The city of Sandy Springs is getting some help in its longtime battle with the U.S. Postal Service over sales tax revenue being sent to Atlanta by mistake.
“I had a great visit today with (District 6 U.S.) Rep. Lucy McBath (D-Marietta),” Mayor Rusty Paul said of their Feb. 18 meeting. “She came to the office today. It turned into a wide-ranging list of items (discussed). The Postal Service has not recognized Sandy Springs (as a city). It’s one of the things that really aggravated our previous mayor (Eva Galambos).”
Paul spoke about their talk at the Sandy Springs City Council’s Feb. 18 meeting at City Springs.
Though Sandy Springs has been incorporated since 2005, the Postal Service has not recognized it as a city, meaning when residents order items online through websites such as Amazon.com, they often give Atlanta addresses, resulting in potentially over $1 million in lost sales tax revenue, possibly more. City spokeswoman Sharon Kraun added Sandy Springs residents are overpaying for the sales tax since Atlanta's is 8.9% and Sandy Springs' is 7%.
Paul said it’s an issue Tom Price, who held the District 6 seat from 2005 through 2017, had worked on during his tenure. But that effort, he said, “kind of fell by the wayside” after Price was promoted by President Donald Trump to become U.S. secretary of health and human services and Karen Handel replaced him before she lost to McBath in the 2018 election.

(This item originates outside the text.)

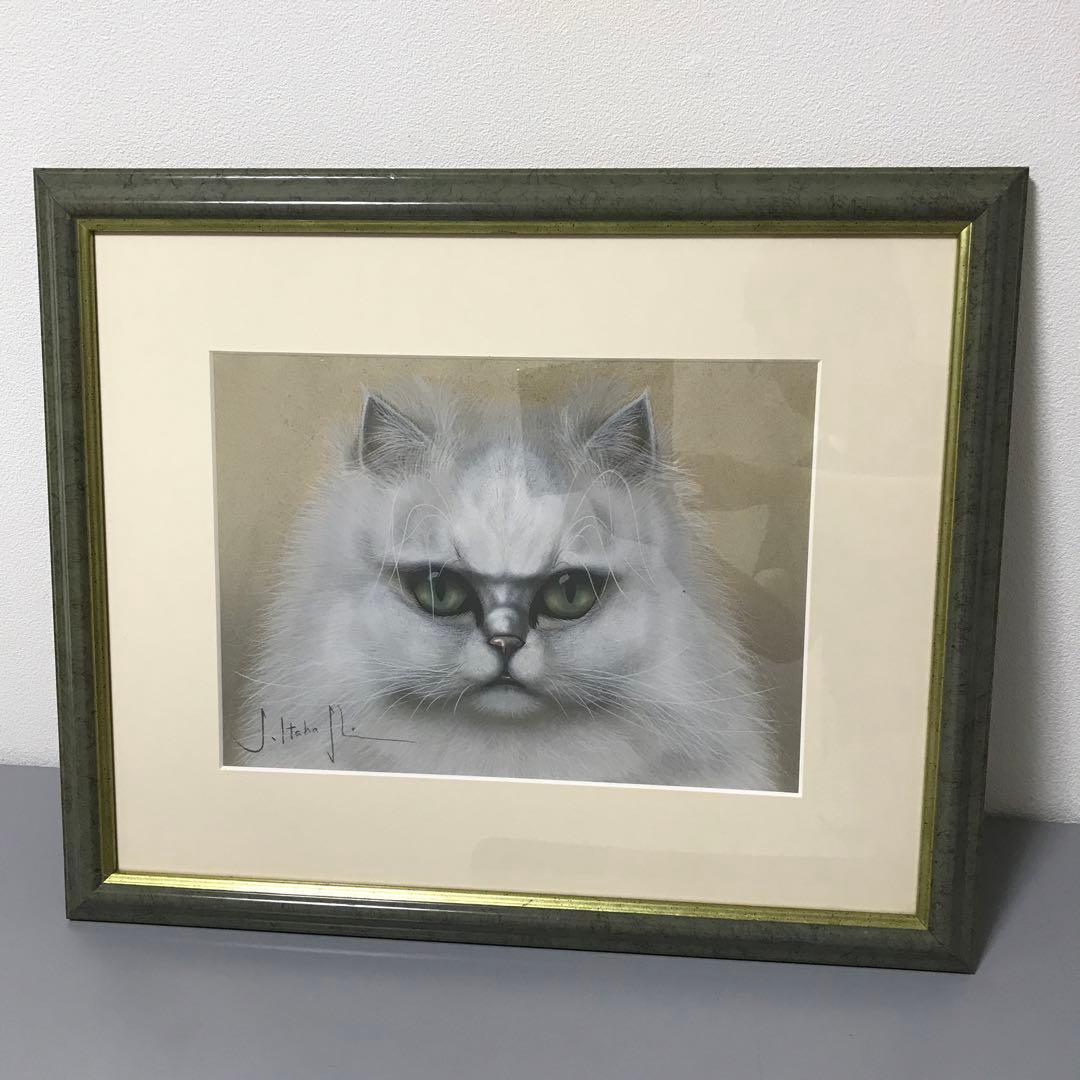 【直筆ペルシャネコ原画】作者サイン入り　貴重な肉筆画です！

The mayor also said he and McBath discussed the city’s issue with Verizon’s plans to install 34-foot antennas, or mini-cell towers, in the Derby Hills neighborhood and others without Sandy Springs being able to fight the move due to a new state law, Senate Bill 66, that strips the city of local control.
“I talked to her a little bit about our 5G (fifth-generation technology) problem,” Paul said of their meeting, which lasted about an hour. “She had a little bit of background on that, since a large part of the 5G problems we’re having are related to the (new) Federal Communications Commission (FCC) policy.”

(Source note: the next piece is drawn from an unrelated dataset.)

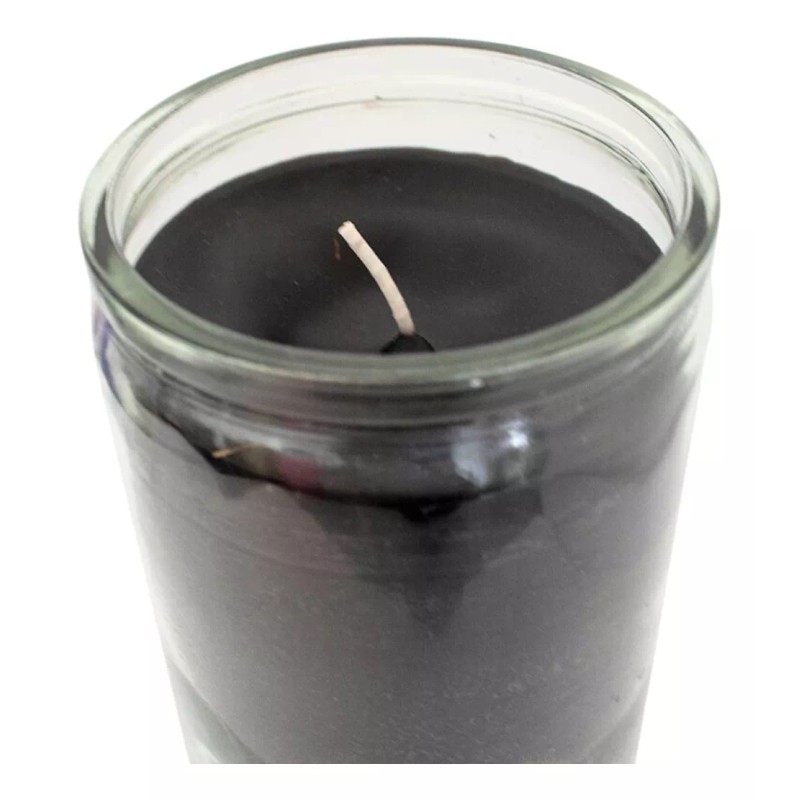 CEB Veladoras Jumbo Negras 2 Piezas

The Neighbor's email to McBath's office seeking comment on her plans to aid Sandy Springs was not returned at its print deadline.

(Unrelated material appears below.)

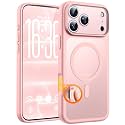 TOCOL for iPhone 18 Pro Case Pink, Compatible with MagSafe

Known as FCC 18-133, the policy the feds enacted in September 2018 allows the antennas to be installed so telecom companies can upgrade their cellular networks to 5G technology.
SB 66 regarded the Streamlining Wireless Facilities and Antennas Act and was introduced in the 2019 Georgia legislative session as part of the state’s push to get more broadband Internet access in rural parts of the state.
It was approved by the Legislature in March, took effect Oct. 1 and means utility companies can install the antennas in Georgia without regulations from local municipalities. The antennas, which must be placed 500 feet apart to minimize service gaps, are allowed thanks to the FCC policy, which removes “regulatory barriers that would unlawfully inhibit the deployment of infrastructure necessary to support these new services,” the policy document stated.
Also at the meeting, Paul and some council members discussed possibly joining about two dozen other cities nationwide in a lawsuit against the FCC regarding its new policy. At the council’s Feb. 11 meeting, despite several residents speaking to the council urging the city to join the lawsuit, city leaders said they wouldn’t be joining the lawsuit.
But the council could vote to join the legal action at its meeting March 3. City Attorney Dan Lee said even if the cities suing the FCC win, it may not have an impact on the Georgia law regarding 5G.
“Whether we go and challenge that based on the state constitution is something we’ll have to address,” he said.